FedML-AI / FedML

FEDML - The unified and scalable ML library for large-scale distributed training, model serving, and federated learning. FEDML Launch, a cross-cloud scheduler, further enables running any AI jobs on any GPU cloud or on-premise cluster. Built on this library, TensorOpera AI (https://TensorOpera.ai) is your generative AI platform at scale.
https://TensorOpera.ai
Apache License 2.0
4.19k stars 786 forks source link

Error when running fedml.run_simulation() #2213

Closed DuanYuFi closed 3 months ago

DuanYuFi commented 4 months ago

Hi, I am trying to run the example and it seems an error with PyTorch in function convert_numpy_to_torch_data_format in fedml/ml/engine/ml_engine_adapter.py#L9.

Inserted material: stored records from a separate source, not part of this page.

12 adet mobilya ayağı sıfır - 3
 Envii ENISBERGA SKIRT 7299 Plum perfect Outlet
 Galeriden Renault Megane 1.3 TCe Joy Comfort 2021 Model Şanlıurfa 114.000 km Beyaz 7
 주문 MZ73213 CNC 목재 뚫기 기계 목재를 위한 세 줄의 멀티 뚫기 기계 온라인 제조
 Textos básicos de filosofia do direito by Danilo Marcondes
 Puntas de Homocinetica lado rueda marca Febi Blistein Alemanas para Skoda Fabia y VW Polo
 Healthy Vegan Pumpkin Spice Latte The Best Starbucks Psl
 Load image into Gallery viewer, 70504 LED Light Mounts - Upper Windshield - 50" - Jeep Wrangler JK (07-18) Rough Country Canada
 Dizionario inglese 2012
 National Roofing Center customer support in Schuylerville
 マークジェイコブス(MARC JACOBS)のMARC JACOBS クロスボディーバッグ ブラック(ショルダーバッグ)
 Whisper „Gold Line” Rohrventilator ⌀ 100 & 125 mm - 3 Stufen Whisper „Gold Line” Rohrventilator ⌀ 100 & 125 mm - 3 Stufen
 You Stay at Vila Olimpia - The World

(fedml) root@iZ2ze7drohj43seb1x4uc2Z:~/codes/FedML# python main.py --cf fedml_config.yaml 
[FedML-Client @device-id-0] [Wed, 17 Jul 2024 02:11:18.889220714] [INFO] [__init__.py:164:init] args.rank = 0, args.worker_num = 10
[FedML-Client @device-id-0] [Wed, 17 Jul 2024 02:11:18.889699697] [INFO] [ml_engine_adapter.py:147:get_torch_device] args = <fedml.arguments.Arguments object at 0x7f71b045a070>, using_gpu = False, device_id = 0, device_type = cpu
[FedML-Client @device-id-0] [Wed, 17 Jul 2024 02:11:18.889811515] [INFO] [device.py:49:get_device] device = cpu
[FedML-Client @device-id-0] [Wed, 17 Jul 2024 02:11:18.889888048] [INFO] [data_loader.py:21:download_mnist] ./data/mnist/MNIST.zip
[FedML-Client @device-id-0] [Wed, 17 Jul 2024 02:11:18.889940023] [INFO] [data_loader.py:264:load_synthetic_data] load_data. dataset_name = mnist
[FedML-Client @device-id-0] [Wed, 17 Jul 2024 02:11:41.326432704] [INFO] [data_loader.py:123:load_partition_data_mnist] loading data...
[FedML-Client @device-id-0] [Wed, 17 Jul 2024 02:11:41.328559875] [ERROR] [mlops_runtime_log.py:125:handle_exception] Uncaught exception
Traceback (most recent call last):
  File "/root/codes/FedML/main.py", line 4, in <module>
    fedml.run_simulation()
  File "/root/anaconda3/envs/fedml/lib/python3.9/site-packages/fedml/launch_simulation.py", line 22, in run_simulation
    dataset, output_dim = fedml.data.load(args)
  File "/root/anaconda3/envs/fedml/lib/python3.9/site-packages/fedml/data/data_loader.py", line 235, in load
    return load_synthetic_data(args)
  File "/root/anaconda3/envs/fedml/lib/python3.9/site-packages/fedml/data/data_loader.py", line 275, in load_synthetic_data
    ) = load_partition_data_mnist(
  File "/root/anaconda3/envs/fedml/lib/python3.9/site-packages/fedml/data/MNIST/data_loader.py", line 132, in load_partition_data_mnist
    train_batch = batch_data(args, train_data[u], batch_size)
  File "/root/anaconda3/envs/fedml/lib/python3.9/site-packages/fedml/data/MNIST/data_loader.py", line 96, in batch_data
    batched_x, batched_y = ml_engine_adapter.convert_numpy_to_ml_engine_data_format(args, batched_x, batched_y)
  File "/root/anaconda3/envs/fedml/lib/python3.9/site-packages/fedml/ml/engine/ml_engine_adapter.py", line 74, in convert_numpy_to_ml_engine_data_format
    return convert_numpy_to_torch_data_format(args, batched_x, batched_y)
  File "/root/anaconda3/envs/fedml/lib/python3.9/site-packages/fedml/ml/engine/ml_engine_adapter.py", line 16, in convert_numpy_to_torch_data_format
    batched_x = torch.from_numpy(np.asarray(batched_x)).float()  # LR_MINST or other
TypeError: expected np.ndarray (got numpy.ndarray)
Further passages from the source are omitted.